See those seemingly open and closed circuits coming out diagonally from the horizontal basic circuits? Look particularly at the first one. Until that point in my studies (3rd year IIRC!), any of those shorts would render the rest of the circuit parallel to it moot, because, well... it's shorted! No?

Well, no. The moment you start using high frequencies, high enough that the wavelength is similar to the length of the transmission lines, then those transmission lines start having a serious effect - to the point that you implement capacitors and chokes with simple pieces of transmission line. As in here: these line stubs are implementing filters. In real life, those could be pieces of wire "going nowhere", or traces in a PCB "going nowhere", or even pipes (AKA waveguides)!

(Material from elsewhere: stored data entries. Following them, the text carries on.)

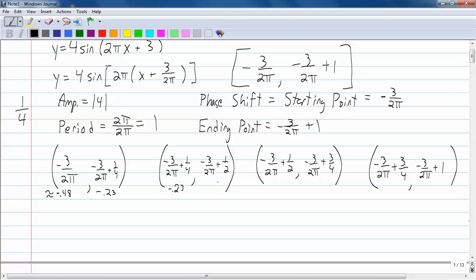All these are approximations. So if you add 0.25 to negative 0.23, this is going to be negative 0.02 — that's almost right at 0. This next point will be positive 0.27 — sorry, we went to positive right here; we're on the right side of 0 now. Then if you add 0.25 again, that's going to be about positive 0.52.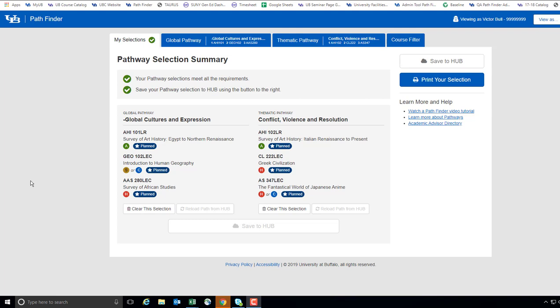As you work towards completing your pathway courses, you may choose to make adjustments due to scheduling, availability, or your evolving interests.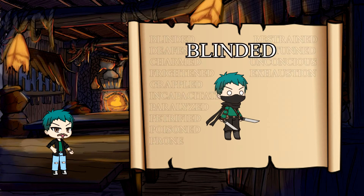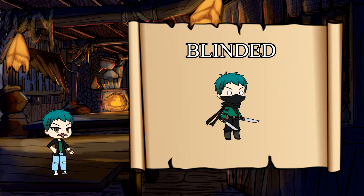First, there's Blinded. A blinded creature can't see, has disadvantage on any attack rolls, and will automatically fail any checks that require the use of their eyes. Plus, any creature attacking a blinded creature gets advantage on their attack roll. Keep in mind, though, that the creature can still hear.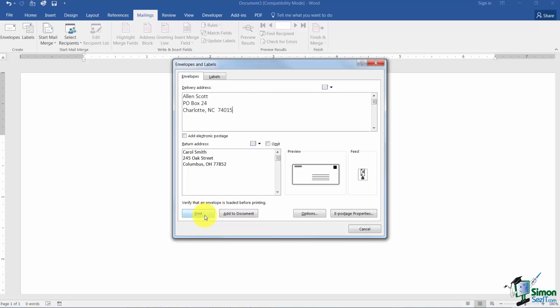Now just a little tip, if you print this and it pulls in crooked or maybe you didn't have the envelope in the printer correctly you're going to have to come back in here and type the delivery address again. Little trick that I use is I always put the delivery address right out here and that way if I have to come back into this window it will pull this automatically from my document.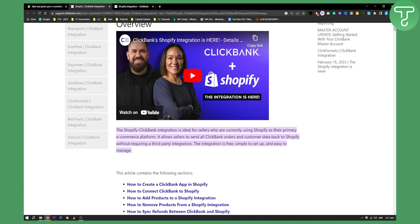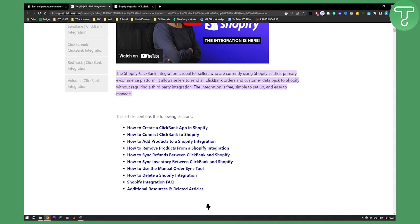As you can see right here, the Shopify ClickBank integration is ideal for sellers who are currently using Shopify as their primary e-commerce platform. It allows sellers to send all ClickBank orders and customer data back to Shopify without requiring a third-party integration. The integration is free, simple to set up, and easy to manage.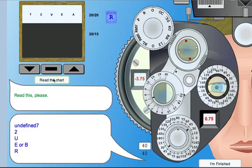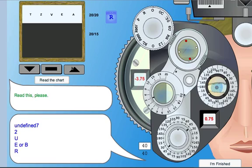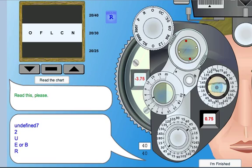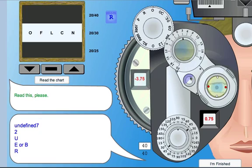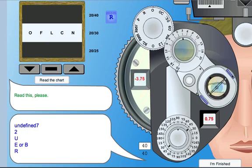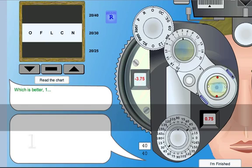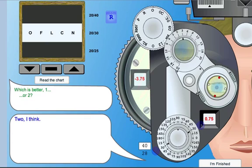We'll go down a row — read the chart — and they read 2, U, E, or B, R. So they're not reading it very well, so we're going to go back up a couple rows. Let's work with the cylinder. Which choice is better? 1. Let's try that again, 1 or 2. They said 2, so we'll move the axis. We're doing minus cell, so we'll move the axis this way.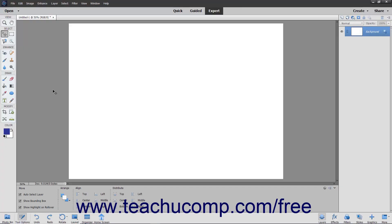Photoshop Elements also has three other exciting text tools: Text on Selection, Text on Shape, and Text on Custom Path. These tools allow you to create a selection, shape, or path in your image and then insert text that follows along the outline of the selection, shape, or path.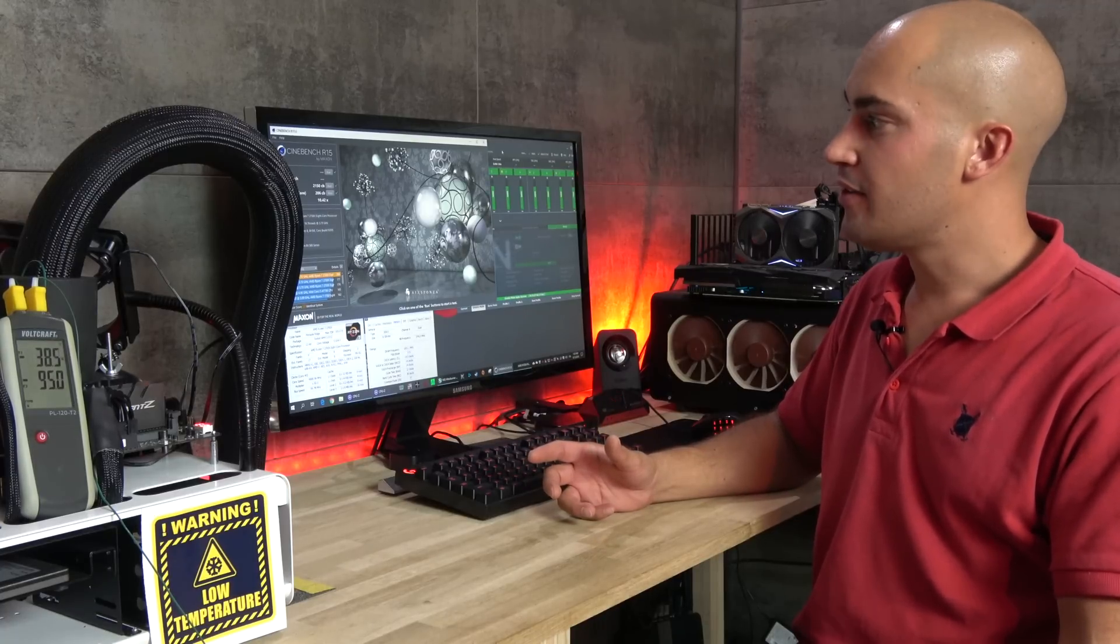I'm not so impressed. We have 206 points, and at 5 GHz, a Core i7 8700K scored about 220. So yes, I'm a bit disappointed. Let's see if we can go past 5 GHz.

How the circuit would look in a PCB

So, answering your question: you don't even need to have unknown components to confound someone without the right theoretical background. A multimeter is the only thing available? ... well, at least make the multimeter protected enough so your engineer won't die the moment he probes something he shouldn't ;P


The question was edited to say that the engineer has more instruments, only in "alien units". So you seem to keep thinking that the problem is the units. Well, how are those aliens physiologically? Maybe they have better hearing (absolute pitch for example?) but worse sight than us and then might prefer to use an "audio oscilloscope" which instead of drawing in a screen emits the waves in the alien audible range? That would make things complicated, even if units were the same...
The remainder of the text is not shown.